The Swiss artist painted a bathroom scene with a screen and a tub, initially dripping pigment and then brushing a dragonfly, which could have been read as suggesting simultaneous cleansing and exposure to infection along with imagination, but did not really connect with the scientist so as to enable subtler or just new angle intuitions, like did not the scientist’s adding a few strokes to the temporary mural.

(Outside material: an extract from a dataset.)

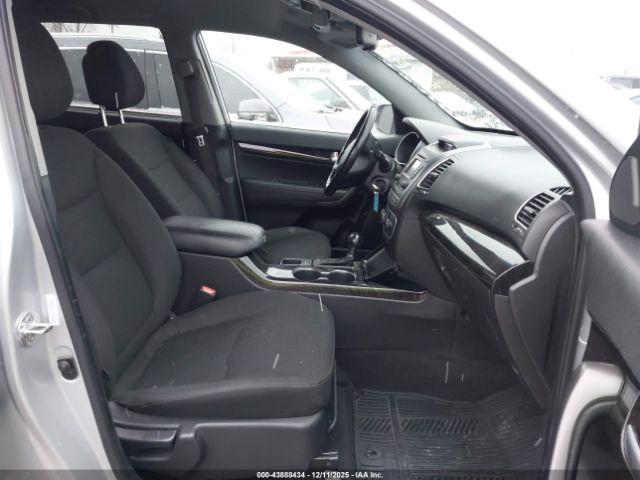 Kia Sorento Lx V6 Image 3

One commiserated strangely with Smitha Cariappa who was the only one to sincerely and gracefully try to interact with and influence what her colleagues as well as the audience felt. In between and towards the end of the project she kissed the participants and the viewers, offered them a desert suitably made of curds and pomegranate and collected spoons showing symptoms of a cold, eventually enacting an ancient death ritual involving food. Instead of believing that anything goes as long as it is supposed to be cutting-edge, perhaps the participants should consider that validity can be given to them by the audience and think what is possible for the audience to experience of what they offer to it.

Two kinds of amateur art

The duo exhibition at the Alliance Francaise (March 2 to 10) presented two different, almost equally popular aesthetic options employed by amateur artists. Although completely unlike each other, the styles of both participants nonetheless revealed a similar approach to ready form repertoires and broader subjects. In the case of Joe D’Souza the idiom may appear freer and more dictated by passion, whereas in fact his blend of faint but highly stylised linear silhouettes and very abstracted brushing all around closely follows a much overused and by now fairly old-fashioned paradigm. By contrast, MI Shaikh’s drawings in black pen and ink rely on photographically sourced and composed realistic sights from today’s Mumbai city. Conventionally chosen and viewed, it has the well-known crowded coexistence of imposing, colonial-time buildings, ordinary human crowds, taxies, trades and vegetation, all structured, shaded and textured monotonously varied hatchings. Comparatively interesting are the dense close-ups of plants or old clasped palms.